Hi all! I am a physical oceanographer and new in python and I recently watched a tutorial about minimizing the processing time of computationally expensive data (If I understood it correctly) by using dask= “parallelized”.

My issue here is that I am dealing with 4D (sliced) files of dimensions:[time,depth,lat,lon] = [365,32,56,48]. I discovered 2 ways of handling the data:

A) The “lazy” xarray reading of data like this:

temp= xr.open_dataset(’/home/directory/T_2011_2D.nc’)[‘votemper’][:,:,:,:] , where ipython reads the file instantly but later on when I want to use temp e.g. in a for loop, it takes ages.

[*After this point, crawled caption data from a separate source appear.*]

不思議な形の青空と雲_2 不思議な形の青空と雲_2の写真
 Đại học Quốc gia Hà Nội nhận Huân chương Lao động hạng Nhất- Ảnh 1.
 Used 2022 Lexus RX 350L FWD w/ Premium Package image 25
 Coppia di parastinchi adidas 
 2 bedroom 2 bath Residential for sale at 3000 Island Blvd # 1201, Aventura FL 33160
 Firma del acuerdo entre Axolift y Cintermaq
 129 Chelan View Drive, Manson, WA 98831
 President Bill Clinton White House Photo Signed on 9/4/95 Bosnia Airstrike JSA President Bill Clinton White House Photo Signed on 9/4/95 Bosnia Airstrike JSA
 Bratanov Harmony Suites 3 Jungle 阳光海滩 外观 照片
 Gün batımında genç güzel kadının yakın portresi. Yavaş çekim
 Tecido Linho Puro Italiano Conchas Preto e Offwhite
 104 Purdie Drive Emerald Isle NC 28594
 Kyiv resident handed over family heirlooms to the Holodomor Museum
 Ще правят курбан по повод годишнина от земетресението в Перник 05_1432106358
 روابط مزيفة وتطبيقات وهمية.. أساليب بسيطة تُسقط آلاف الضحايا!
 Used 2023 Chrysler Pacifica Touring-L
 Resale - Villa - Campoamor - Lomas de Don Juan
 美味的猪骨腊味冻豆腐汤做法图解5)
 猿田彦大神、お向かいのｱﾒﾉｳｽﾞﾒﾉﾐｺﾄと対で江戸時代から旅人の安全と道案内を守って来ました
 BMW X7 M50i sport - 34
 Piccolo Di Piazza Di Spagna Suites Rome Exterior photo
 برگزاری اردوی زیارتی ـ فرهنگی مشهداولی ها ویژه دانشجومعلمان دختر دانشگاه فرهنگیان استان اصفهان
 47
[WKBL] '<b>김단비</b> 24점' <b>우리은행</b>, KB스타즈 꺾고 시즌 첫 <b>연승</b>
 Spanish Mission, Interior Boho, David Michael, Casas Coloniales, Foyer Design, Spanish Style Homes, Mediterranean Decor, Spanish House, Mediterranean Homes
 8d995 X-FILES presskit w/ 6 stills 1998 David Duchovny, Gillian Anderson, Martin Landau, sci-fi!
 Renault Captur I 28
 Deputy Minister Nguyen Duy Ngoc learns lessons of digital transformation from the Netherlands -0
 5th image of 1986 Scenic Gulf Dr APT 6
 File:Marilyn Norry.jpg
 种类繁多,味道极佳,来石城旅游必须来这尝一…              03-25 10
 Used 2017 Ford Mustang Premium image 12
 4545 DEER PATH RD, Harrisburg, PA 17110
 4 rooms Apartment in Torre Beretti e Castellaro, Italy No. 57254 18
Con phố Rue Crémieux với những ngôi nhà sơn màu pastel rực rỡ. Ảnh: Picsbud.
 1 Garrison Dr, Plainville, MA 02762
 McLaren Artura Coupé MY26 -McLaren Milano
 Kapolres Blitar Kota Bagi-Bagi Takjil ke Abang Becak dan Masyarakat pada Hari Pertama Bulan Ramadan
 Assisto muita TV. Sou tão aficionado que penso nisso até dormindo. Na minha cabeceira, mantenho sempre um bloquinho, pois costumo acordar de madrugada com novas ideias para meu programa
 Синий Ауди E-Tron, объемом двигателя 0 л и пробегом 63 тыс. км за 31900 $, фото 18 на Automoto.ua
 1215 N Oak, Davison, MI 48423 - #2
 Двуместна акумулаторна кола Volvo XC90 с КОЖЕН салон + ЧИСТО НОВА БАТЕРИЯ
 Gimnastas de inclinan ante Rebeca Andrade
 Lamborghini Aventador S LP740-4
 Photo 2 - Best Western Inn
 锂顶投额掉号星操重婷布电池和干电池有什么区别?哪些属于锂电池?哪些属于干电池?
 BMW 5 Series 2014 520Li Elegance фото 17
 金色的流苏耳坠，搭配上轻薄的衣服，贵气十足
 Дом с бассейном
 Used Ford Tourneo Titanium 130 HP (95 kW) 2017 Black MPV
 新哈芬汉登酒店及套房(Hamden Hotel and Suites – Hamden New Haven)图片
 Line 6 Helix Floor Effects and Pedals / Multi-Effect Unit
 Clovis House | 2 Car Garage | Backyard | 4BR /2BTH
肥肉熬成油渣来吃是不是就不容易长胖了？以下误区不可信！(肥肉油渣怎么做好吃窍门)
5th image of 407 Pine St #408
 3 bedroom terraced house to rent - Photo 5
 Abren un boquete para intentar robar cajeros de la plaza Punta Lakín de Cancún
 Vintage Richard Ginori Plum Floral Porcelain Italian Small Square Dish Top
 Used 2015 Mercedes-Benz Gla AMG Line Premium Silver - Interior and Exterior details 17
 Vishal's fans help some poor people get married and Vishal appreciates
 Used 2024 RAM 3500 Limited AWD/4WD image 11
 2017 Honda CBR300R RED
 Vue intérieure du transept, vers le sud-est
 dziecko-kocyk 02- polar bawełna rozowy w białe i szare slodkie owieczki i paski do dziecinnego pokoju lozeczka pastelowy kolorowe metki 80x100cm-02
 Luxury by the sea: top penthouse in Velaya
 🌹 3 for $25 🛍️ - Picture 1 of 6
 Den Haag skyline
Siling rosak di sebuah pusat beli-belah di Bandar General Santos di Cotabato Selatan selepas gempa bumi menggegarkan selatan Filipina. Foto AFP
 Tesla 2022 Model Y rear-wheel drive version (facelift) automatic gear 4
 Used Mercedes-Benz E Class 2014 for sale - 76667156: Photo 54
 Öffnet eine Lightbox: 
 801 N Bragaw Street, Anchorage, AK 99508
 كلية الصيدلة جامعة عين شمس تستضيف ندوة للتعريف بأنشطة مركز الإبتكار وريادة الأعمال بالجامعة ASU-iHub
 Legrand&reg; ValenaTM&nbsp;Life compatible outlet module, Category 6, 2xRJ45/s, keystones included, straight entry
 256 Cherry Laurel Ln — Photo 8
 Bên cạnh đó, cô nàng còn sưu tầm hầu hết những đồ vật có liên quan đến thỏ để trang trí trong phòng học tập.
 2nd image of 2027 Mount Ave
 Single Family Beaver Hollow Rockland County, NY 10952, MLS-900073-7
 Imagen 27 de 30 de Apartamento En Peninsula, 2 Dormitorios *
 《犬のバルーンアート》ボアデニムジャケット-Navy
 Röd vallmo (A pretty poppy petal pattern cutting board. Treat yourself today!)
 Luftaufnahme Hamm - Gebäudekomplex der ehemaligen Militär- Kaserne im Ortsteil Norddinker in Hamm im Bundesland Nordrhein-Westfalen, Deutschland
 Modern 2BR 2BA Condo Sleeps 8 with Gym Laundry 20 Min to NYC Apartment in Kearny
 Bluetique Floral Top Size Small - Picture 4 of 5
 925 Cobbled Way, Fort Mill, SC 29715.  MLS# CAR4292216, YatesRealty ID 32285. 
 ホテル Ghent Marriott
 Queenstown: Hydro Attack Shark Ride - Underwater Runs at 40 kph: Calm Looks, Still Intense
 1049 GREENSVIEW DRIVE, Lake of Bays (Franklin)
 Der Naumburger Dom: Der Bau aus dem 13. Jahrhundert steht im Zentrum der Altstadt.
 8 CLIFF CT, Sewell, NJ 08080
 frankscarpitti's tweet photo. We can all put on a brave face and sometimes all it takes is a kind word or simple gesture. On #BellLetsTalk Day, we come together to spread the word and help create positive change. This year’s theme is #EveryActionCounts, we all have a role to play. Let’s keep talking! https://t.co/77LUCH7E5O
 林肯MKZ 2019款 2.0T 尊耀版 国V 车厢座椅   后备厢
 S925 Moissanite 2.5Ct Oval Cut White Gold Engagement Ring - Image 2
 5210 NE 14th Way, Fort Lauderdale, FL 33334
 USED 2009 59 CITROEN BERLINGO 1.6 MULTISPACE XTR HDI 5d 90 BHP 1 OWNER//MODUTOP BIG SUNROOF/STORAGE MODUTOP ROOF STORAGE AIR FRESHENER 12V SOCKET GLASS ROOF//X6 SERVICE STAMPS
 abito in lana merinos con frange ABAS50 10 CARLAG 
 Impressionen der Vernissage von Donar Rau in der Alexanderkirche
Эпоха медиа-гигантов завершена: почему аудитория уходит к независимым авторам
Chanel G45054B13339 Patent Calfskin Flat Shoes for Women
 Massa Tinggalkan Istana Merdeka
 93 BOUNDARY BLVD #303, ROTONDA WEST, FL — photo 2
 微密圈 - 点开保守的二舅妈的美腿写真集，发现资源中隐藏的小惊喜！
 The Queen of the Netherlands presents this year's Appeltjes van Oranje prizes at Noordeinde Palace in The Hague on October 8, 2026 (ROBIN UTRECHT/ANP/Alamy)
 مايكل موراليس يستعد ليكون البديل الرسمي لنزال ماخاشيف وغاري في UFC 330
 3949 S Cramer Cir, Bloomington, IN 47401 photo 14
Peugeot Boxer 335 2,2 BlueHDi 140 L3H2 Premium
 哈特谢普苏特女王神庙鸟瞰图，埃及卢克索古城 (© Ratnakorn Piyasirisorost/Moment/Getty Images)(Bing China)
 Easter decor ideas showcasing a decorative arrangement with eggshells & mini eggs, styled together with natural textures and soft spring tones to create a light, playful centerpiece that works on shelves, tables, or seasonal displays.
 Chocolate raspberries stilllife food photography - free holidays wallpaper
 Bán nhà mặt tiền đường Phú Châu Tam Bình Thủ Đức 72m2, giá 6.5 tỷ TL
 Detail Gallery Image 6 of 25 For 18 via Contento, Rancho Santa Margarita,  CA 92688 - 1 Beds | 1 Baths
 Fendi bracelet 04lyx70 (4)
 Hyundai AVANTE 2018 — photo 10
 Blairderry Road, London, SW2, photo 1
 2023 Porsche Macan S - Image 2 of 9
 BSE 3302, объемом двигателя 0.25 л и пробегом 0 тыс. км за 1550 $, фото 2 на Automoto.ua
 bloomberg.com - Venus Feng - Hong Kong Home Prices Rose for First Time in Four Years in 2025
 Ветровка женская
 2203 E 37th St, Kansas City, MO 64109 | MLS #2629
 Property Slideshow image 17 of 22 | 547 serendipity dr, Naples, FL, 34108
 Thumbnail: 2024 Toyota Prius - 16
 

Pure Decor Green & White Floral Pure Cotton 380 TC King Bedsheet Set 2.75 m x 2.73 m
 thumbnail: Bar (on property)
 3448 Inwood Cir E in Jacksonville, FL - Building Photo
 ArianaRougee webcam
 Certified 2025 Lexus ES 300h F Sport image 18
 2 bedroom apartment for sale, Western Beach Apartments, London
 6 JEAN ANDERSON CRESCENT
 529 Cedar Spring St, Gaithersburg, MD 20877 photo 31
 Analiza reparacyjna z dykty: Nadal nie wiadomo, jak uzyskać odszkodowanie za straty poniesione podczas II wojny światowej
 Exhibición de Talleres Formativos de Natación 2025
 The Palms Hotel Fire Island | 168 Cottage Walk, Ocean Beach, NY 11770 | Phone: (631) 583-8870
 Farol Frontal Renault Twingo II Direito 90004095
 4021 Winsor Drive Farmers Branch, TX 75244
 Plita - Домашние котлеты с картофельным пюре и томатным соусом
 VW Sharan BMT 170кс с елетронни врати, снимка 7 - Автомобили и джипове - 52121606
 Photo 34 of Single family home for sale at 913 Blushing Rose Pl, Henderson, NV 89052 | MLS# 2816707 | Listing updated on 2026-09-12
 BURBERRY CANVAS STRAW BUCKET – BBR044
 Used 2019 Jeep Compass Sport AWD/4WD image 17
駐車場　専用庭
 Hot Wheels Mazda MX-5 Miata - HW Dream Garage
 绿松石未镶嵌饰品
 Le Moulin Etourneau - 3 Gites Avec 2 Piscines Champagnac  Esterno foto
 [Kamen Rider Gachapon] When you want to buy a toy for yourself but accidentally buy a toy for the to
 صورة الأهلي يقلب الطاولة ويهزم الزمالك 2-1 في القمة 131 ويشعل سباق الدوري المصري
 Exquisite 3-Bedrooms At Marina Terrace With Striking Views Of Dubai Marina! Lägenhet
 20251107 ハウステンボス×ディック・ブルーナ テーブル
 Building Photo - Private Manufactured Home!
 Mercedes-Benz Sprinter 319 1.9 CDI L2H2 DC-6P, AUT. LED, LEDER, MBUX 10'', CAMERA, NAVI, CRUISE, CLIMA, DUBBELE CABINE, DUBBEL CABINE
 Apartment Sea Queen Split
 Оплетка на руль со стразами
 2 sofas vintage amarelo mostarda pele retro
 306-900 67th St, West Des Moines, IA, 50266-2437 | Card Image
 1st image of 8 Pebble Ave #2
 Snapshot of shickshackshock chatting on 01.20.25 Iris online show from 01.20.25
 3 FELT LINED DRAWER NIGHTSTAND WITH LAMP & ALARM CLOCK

B) The very slow xarray reading of data like this:

temp[:,:,:,:]= xr.open_dataset(’/home/directory/T_2011_2D.nc’)[‘votemper’][:,:,:,:], where ipython takes too much time to open/read/load the temperature values but then, processing temp e.g in a for loop, takes only a minute.

Now I am not sure if there is a solution to this problem but recently I learned about the dask=“parallelized” function and some high-order programming that could potentially offer a compromise in the time that ipython takes to read & process the large dataset (because I have to repeat the same procedure for 7 other variables of the same dimension and throughout many boxes in the ocean).

The example of for loop is like this:

mld2d = np.asarray(MLD) ##make it a numpy array

depths2 = np.asarray(depths)

depths2d = np.tile(depths2[:,None,None],(1,len(latp[:])+2,len(lonp[:])+2)) ## 3D (depth,lat,lon)

idx2dT = np.nan*np.zeros(temp[:,0,:,:].shape)
idx2d = np.nan*np.zeros(mld2d[:,:,:].shape)

depthsmask = np.nan*np.zeros(depths2d[:,:,:].shape)

depthsmask = depths2d[:,:,:]*maskfile2[:,:,:]

for day in range(0,len(time)):

for j in range(0,len(latp)):

for i in range(0,len(lonp)):

if np.isnan(mld[day,j,i]):

idx2dT[day,j,i] = np.nan

else:

idx2dT[day,j,i] = np.abs(depthsmask[:,j,i]-mld2d[day,j,i]).argmin()

Can anyone help me with this?

Thank you in advance for your time and help,

Kind regards,

Sofi